* **What to produce**
Would you please output, word for word, the span of the listing below that opens on the line containing "CATIONORM GOCCE 30" and closes on the line containing "2013 NISSAN PATHFINDER"? Include both ends and nothing more.

── Entries supplied

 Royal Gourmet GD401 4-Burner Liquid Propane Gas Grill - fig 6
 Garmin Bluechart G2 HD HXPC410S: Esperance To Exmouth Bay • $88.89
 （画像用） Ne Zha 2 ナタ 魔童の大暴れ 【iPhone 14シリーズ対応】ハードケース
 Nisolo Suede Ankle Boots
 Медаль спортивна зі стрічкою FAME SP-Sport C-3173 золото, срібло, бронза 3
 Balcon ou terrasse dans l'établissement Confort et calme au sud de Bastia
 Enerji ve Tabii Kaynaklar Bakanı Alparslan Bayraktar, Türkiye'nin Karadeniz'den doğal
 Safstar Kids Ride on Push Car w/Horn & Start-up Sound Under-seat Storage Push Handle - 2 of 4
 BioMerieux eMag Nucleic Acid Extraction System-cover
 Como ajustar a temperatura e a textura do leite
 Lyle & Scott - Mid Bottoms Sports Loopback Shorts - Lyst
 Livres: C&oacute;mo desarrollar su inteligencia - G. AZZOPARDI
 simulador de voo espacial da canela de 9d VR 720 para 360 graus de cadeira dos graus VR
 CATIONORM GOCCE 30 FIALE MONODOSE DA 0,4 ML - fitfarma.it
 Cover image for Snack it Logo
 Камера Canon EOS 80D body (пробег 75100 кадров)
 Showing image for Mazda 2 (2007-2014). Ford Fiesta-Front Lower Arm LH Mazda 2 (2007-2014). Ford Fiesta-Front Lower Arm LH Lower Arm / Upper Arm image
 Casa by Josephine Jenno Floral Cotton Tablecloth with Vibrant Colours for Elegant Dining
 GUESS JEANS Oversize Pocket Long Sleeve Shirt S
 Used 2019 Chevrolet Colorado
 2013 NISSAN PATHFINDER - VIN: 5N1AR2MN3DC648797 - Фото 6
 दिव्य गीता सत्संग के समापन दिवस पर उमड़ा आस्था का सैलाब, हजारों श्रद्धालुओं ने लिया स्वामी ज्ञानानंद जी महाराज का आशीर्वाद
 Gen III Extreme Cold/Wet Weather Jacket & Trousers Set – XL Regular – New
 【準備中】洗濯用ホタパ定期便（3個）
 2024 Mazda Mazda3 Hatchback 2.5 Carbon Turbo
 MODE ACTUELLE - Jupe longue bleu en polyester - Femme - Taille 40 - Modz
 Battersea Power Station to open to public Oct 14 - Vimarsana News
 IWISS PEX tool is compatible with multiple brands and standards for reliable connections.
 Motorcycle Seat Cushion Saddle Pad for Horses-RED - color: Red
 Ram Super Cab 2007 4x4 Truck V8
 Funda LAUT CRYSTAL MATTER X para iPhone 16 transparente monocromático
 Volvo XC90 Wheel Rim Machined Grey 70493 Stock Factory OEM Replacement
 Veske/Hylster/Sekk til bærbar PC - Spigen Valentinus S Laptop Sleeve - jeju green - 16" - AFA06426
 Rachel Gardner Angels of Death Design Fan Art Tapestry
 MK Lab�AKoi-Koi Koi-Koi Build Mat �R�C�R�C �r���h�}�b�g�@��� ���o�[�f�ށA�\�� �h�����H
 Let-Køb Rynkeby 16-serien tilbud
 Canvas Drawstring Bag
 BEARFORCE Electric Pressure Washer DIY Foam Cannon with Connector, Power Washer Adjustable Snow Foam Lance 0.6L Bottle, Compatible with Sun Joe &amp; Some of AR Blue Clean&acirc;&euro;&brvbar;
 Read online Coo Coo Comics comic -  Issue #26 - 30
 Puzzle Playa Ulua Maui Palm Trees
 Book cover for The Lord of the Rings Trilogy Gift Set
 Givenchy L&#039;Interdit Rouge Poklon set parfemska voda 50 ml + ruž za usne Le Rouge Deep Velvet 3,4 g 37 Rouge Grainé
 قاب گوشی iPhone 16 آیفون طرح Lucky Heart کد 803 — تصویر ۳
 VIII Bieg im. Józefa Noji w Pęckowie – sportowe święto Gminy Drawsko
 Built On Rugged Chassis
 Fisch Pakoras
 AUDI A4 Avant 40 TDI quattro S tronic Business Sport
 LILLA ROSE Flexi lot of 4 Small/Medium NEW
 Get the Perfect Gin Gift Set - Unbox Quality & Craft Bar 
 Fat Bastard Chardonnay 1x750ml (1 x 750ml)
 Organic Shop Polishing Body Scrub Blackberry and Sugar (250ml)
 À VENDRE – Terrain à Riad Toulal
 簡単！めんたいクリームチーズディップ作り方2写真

────

* **Answer for this exercise**
 CATIONORM GOCCE 30 FIALE MONODOSE DA 0,4 ML - fitfarma.it
 Cover image for Snack it Logo
 Камера Canon EOS 80D body (пробег 75100 кадров)
 Showing image for Mazda 2 (2007-2014). Ford Fiesta-Front Lower Arm LH Mazda 2 (2007-2014). Ford Fiesta-Front Lower Arm LH Lower Arm / Upper Arm image
 Casa by Josephine Jenno Floral Cotton Tablecloth with Vibrant Colours for Elegant Dining
 GUESS JEANS Oversize Pocket Long Sleeve Shirt S
 Used 2019 Chevrolet Colorado
 2013 NISSAN PATHFINDER - VIN: 5N1AR2MN3DC648797 - Фото 6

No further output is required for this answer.